著者コナン・ドイル(1859〜1930)が著した『ホームズ物語』、全六十編で活躍する「シャーロック・ホームズ」氏と同じ背丈185センチで、まさにこの地にホームズがおりたったような佇まいの作品です。
限られた予算内で等身大の作品を完成させるために、彫刻家自らがレンタカーのトラックで像を追分まで除幕式前日に運びこみ、台座施工の追分の内堀建設(社長が亡くなり現在は廃業)がボランティアで像をクレーンにつりあげて台座に設置するという涙ぐましい努力のたまものでもあります。
設置から35年(2022年現在)が経過して、台座に少しのヒビが入ったりはしていますが、毎年追分区のみなさまに綺麗に清掃していていただいているこの庚申塚公園で、集められた庚申の碑たちを見守るようにパイプ片手に力強く立っています。
観光名所のひとつにもなっていて嬉しい限りです。
なお、像のまわりの生垣の手入れなどの管理は日本シャーロック・ホームズ・クラブ内の「ホームズ像管理員会」(長野県在住会員2名)によって行われています。また庚申塚公園内および周辺の草刈りは追分在住者を中心として追分地域活動ボランティアらによって実施されています。
なぜ追分の地がえらばれたのか
「ホームズ物語」の第一作『緋色の研究(習作)』発表100周年(1987年)に追分の油屋旅館(現在の文化磁場油や)で日本シャーロック・ホームズ・クラブの第一回軽井沢セミナーが開催されました。その席上で熱心な会員の松下了平が「ホームズ100周年を記念して日本にもホームズ像を建立しよう。ついては延原謙(1892〜1977)が『ホームズ物語』全訳を果たした後に油屋旅館の離れをかりてこの『ホームズ物語』の全訳にさらに手を加え、新潮文庫版の全訳を完成させたという、信濃追分の他に像を立てるにふさわしい地はない」と提案しました。そのときのセミナー参加者全員が賛同したことから、会員の有志によるホームズ像建立委員会ができて、ホームズを愛する方たちへの募金活動開始し、多くのかたのご協力により完成できました。

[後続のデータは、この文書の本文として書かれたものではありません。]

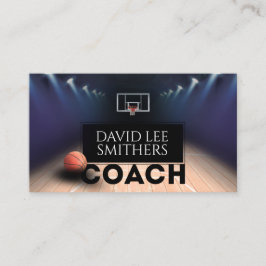 Cartão De Visita Basketball Coach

追分区の方をまじえ、軽井沢町との交渉の結果、分去れ近くの町所有の庚申塚公園内に設置が決まりました。
トリビア 1
ホームズ像除幕式の日には紅白幕を用意、西部小学校の鼓笛隊パレード先導が予定されていました。ところが、あいにく昭和天皇が危篤、歌舞音曲は慎む自粛ムードのたかまりのなか、軽井沢町教育員会との相談結果、鼓笛隊の先導はやむなく中止となりました。それでも全国から集まった参加者の多くがホームズ時代の仮装姿で、浅間神社から除幕式会場の庚申塚公園まで追分宿をパレードしました。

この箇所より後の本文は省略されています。